Credit Facility with Financial Institutions
In February 2017, we further amended our $1.25 billion senior unsecured revolving credit agreement that matures on May 1, 2019, or the Credit Agreement, to increase the aggregate commitments under the unsecured revolving credit facility to approximately $1.4 billion. The Credit Agreement is used for working capital requirements and other general partnership purposes including acquisitions.

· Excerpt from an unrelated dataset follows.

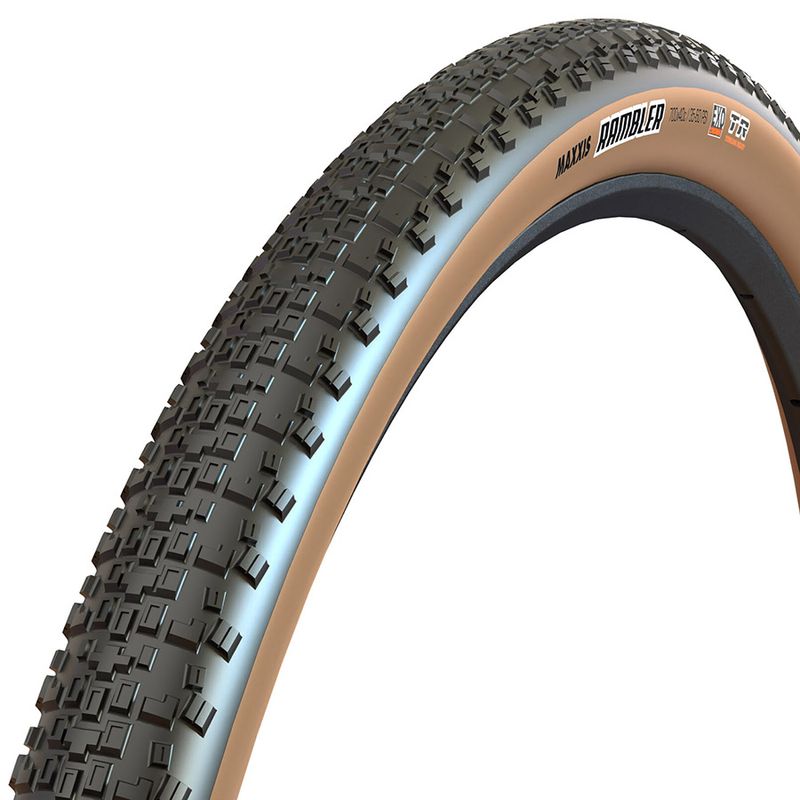 Pneu Maxxis, Rambler, 700x45C, Pliable, Tubeless Ready, HYPR-X, EXO, 120TPI, Flanc Beige
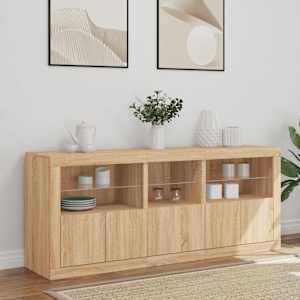 Příborník s LED osvětlením dub sonoma 162 x 37 x 67 cm - obrázek 3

The Credit Agreement allows for unrestricted cash and cash equivalents to be netted against consolidated indebtedness for purposes of calculating the Partnership’s Consolidated Leverage Ratio (as defined in the Credit Agreement). Additionally, under the Credit Agreement, the maximum Consolidated Leverage Ratio of the Partnership as of the end of any fiscal quarter shall not exceed: (a) 5.75 to 1.0 for the quarters ending March 31, 2017 through December 31, 2017, (b) 5.50 to 1.0 for the quarter ending March 31, 2018, (c) 5.25 to 1.0 for the quarter ending June 30, 2018, and (d) 5.00 to 1.0 for the quarters thereafter; provided that, if there is a Qualified Acquisition (as defined in the Credit Agreement) during any fiscal quarter ending June 30, 2018 or thereafter, the maximum Consolidated Leverage Ratio shall not exceed 5.50 to 1.0 at the end of such quarter and at the end of the two fiscal quarters immediately thereafter.

20

DCP MIDSTREAM, LP
NOTES TO CONDENSED CONSOLIDATED FINANCIAL STATEMENTS
Three Months Ended March 31, 2017 and 2016 - (Continued)
(Unaudited)

Our cost of borrowing under the Credit Agreement is determined by a ratings-based pricing grid. Indebtedness under the Credit Agreement bears interest at either: (1) LIBOR, plus an applicable margin of 1.45% based on our current credit rating; or (2) (a) the base rate which shall be the higher of the prime rate, the Federal Funds rate, plus 0.50% or the LIBOR Market Index rate, plus 1%, plus (b) an applicable margin of 0.45% based on our current credit rating. The Credit Agreement incurs an annual facility fee of 0.3% based on our current credit rating. This fee is paid on drawn and undrawn portions of the approximately $1.4 billion revolving credit facility.
As of March 31, 2017, we had unused borrowing capacity of $1,374 million, net of $24 million of letters of credit, under the Credit Agreement. Our borrowing capacity may be limited by financial covenants set forth in the Credit Agreement. The financial covenants set forth in the Credit Agreement limit the Partnership's ability to incur incremental debt by $1,106 million as of March 31, 2017. Except in the case of a default, amounts borrowed under our Credit Agreement will not become due prior to the May 1, 2019 maturity date.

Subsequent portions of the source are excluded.